The Trump administration is widening its efforts to restrict wind power, proposing new nationwide land use restrictions and laying what some say is the groundwork for targeting wind facilities under construction or even operation.
Since Trump re-entered the White House, his administration has halted wind energy leasing, stopped approving wind projects on federal land or in federal waters, and blocked wind developers from getting permits for interactions with protected birds, putting operators that harm a bald eagle or endangered hawk at risk of steep federal fines or jail time.
For the most part, however, projects either under construction or already operating have been spared. With a handful of exceptions — the Lava Ridge wind farm in Idaho, the Atlantic Shores development off the coast of New Jersey and the Empire Wind project in the New York Bight — most projects with advanced timelines appeared to be safe.
But that was then. In the past week, a series of Trump administration actions has presented fresh threats to wind developers seeking everyday sign-offs for things that have never before presented a potential problem. Renewables developers and their supporters say the rush of actions is intended to further curtail investment in wind after Congress earlier this summer drastically curtailed tax breaks for wind and solar.
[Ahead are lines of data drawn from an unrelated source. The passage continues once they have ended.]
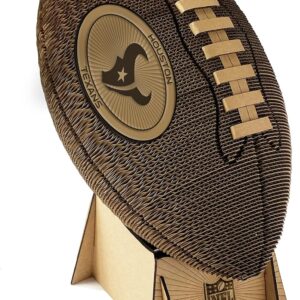 Littlearth NFL Unisex-Adult Cardboard 3D Football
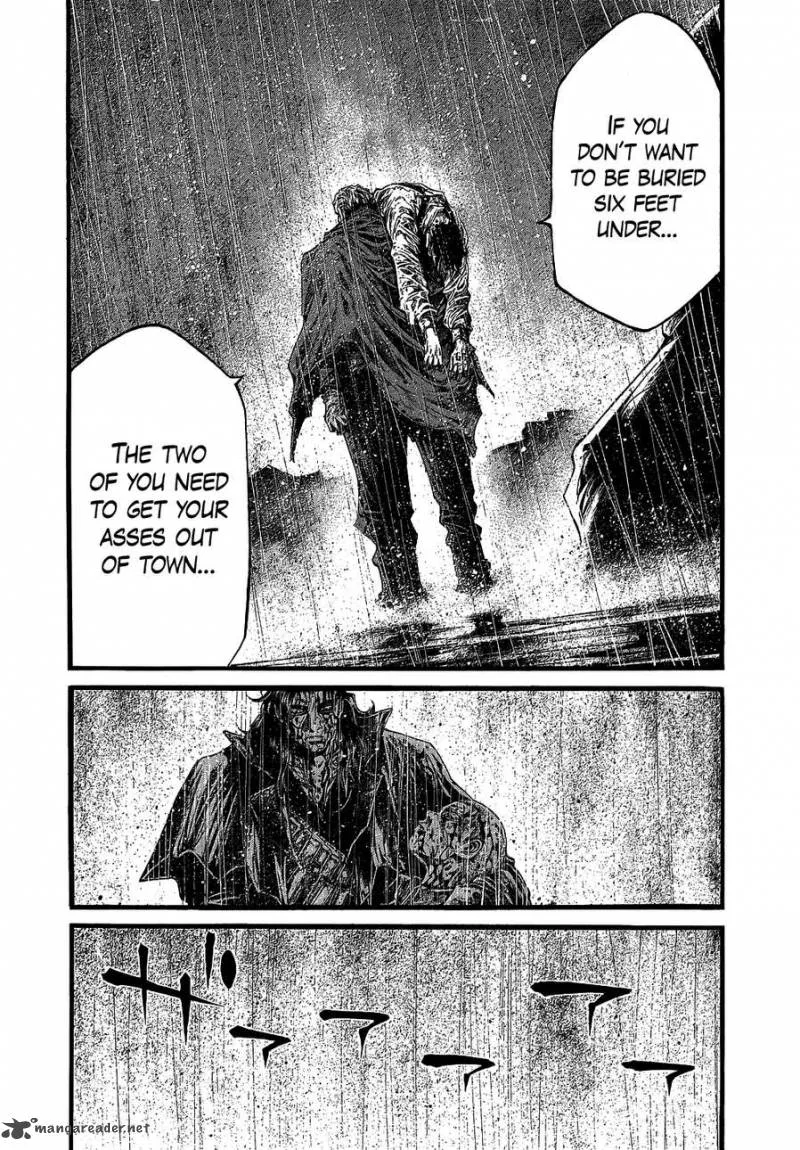 Green Blood Chapter 22 page 2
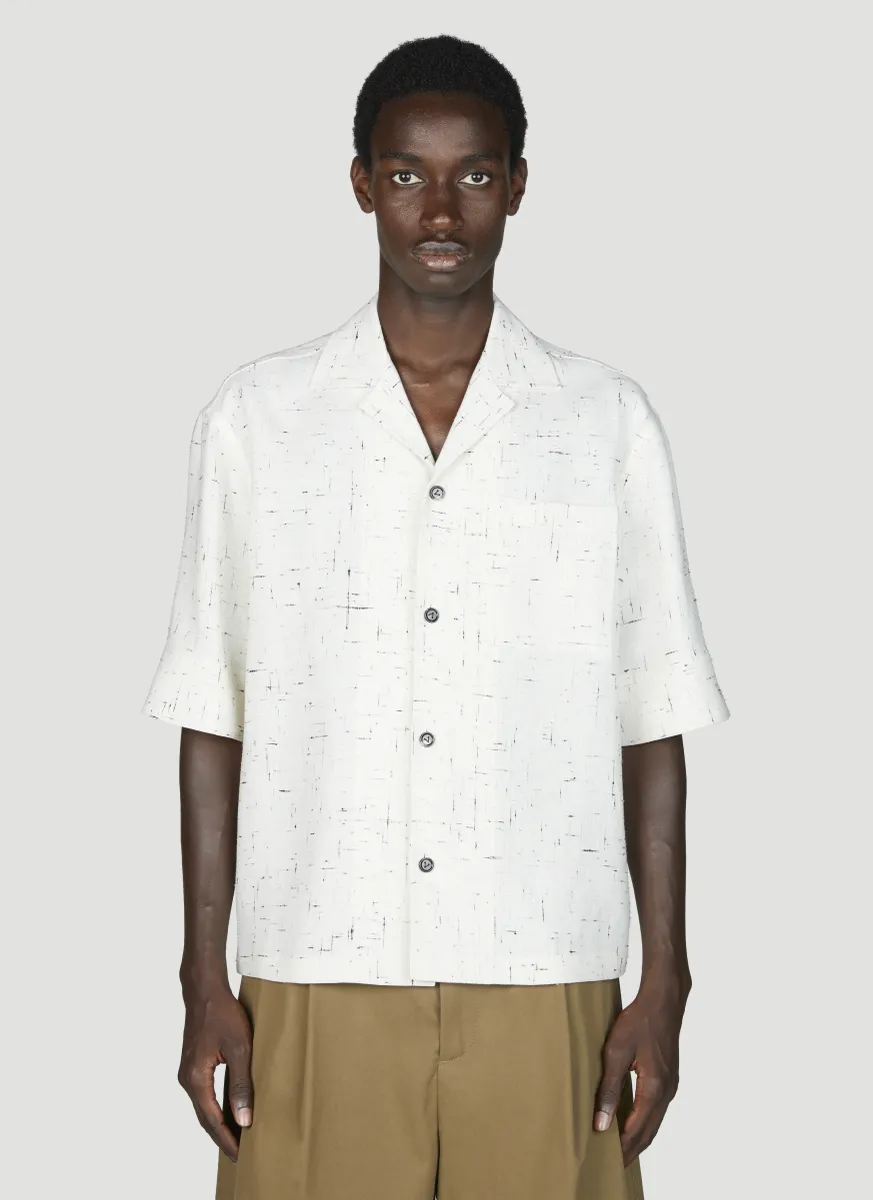 Light Criss-Cross Shirt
“I don’t think they even care if it’ll stand judicial review,” Erik Schlenker-Goodrich, executive director of the Western Environmental Law Center, told me. “It’s just going to chill anyone with limited capital from going to [an] agency.”
First up: The Transportation Department last Tuesday declared that it would now call for a national 1.2-mile property setback — that is, a mandatory distance requirement — for all wind facilities near railroads and highways.
When it announced the move, the DOT claimed it had “recently discovered” that the Biden administration had “overruled a safety recommendation for dozens of wind energy projects” related to radio frequencies near transportation corridors, suggesting the federal government would soon be stepping in to rectify the purported situation. To try and support this claim, the agency released a pair of Biden-era letters from a DOT spectrum policy office related to Prairie Heritage, a Pattern Energy wind project in Illinois, one recommending action due to radio issues and a subsequent analysis that no longer raised concerns.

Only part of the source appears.